Riccardo Noury 1 GENNAIO 2019
Quasi di nascosto, mentre le rispettive popolazioni si apprestavano a celebrare l’arrivo del nuovo anno, la Corte di cassazione del Bahrein e quella degli Emirati Arabi Uniti hanno confermato le condanne a cinque e dieci anni di carcere inflitta a due noti difensori dei diritti umani, Nabil Rajab (nella foto) e Ahmed Mansoor.

Rajab, fondatore e poi presidente del Centro per i diritti umani del Bahrein e del Centro per i diritti umani del Golfo, è entrato nel mirino delle autorità sin dall’inizio della “rivolta di San Valentino” del 2011 a causa delle sue denunce sulle violazioni dei diritti umani.

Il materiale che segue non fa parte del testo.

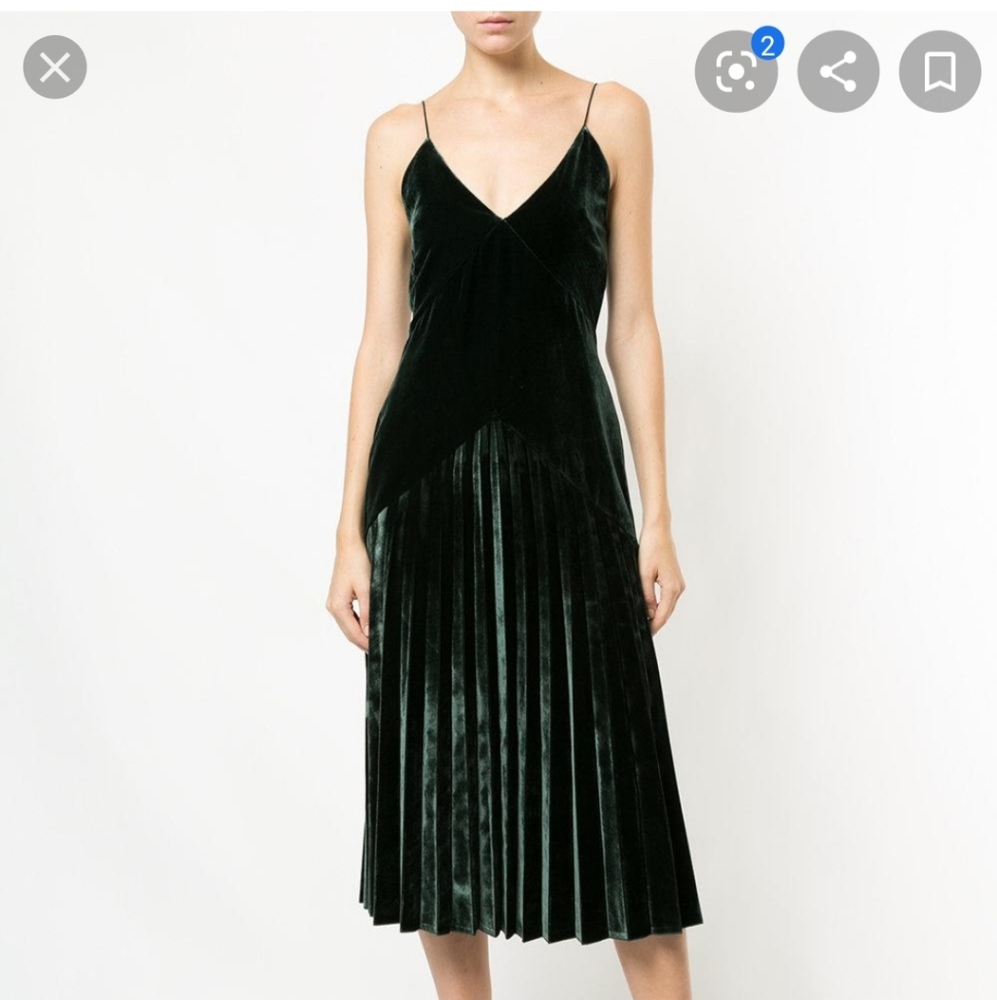 Dion Lee Pleated Deep Green Dress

Da ultimo, è stato arrestato il 13 giugno 2016. Ha ricevuto una prima condanna a due anni nel 2017 per aver rilasciato interviste sulla situazione dei diritti umani e poi, lo scorso anno, una seconda a cinque anni per aver twittato contro la guerra in Yemen (cui il suo paese prende parte nell’ambito della coalizione militare guidata dall’Arabia Saudita) e sulle torture nella prigione di Jaw.
Ahmed Mansoor, premio Martin Ennals per i difensori dei diritti umani nel 2015, sconterà definitivamente la condanna a 10 anni emessa lo scorso maggio per aver pubblicato post sui social media contenenti, secondo i giudici, “informazioni false, dicerie e menzogne” che avrebbero messo in pericolo “l’armonia sociale e l’unità” del paese. Il processo si è svolto a porte chiuse.
Mansoor, a sua volta perseguitato dal 2011, ha accusato l’azienda italiana Hacking Team di aver infettato il suo computer con un software-spia per consentire alle autorità emiratine di avere accesso alle sue comunicazioni.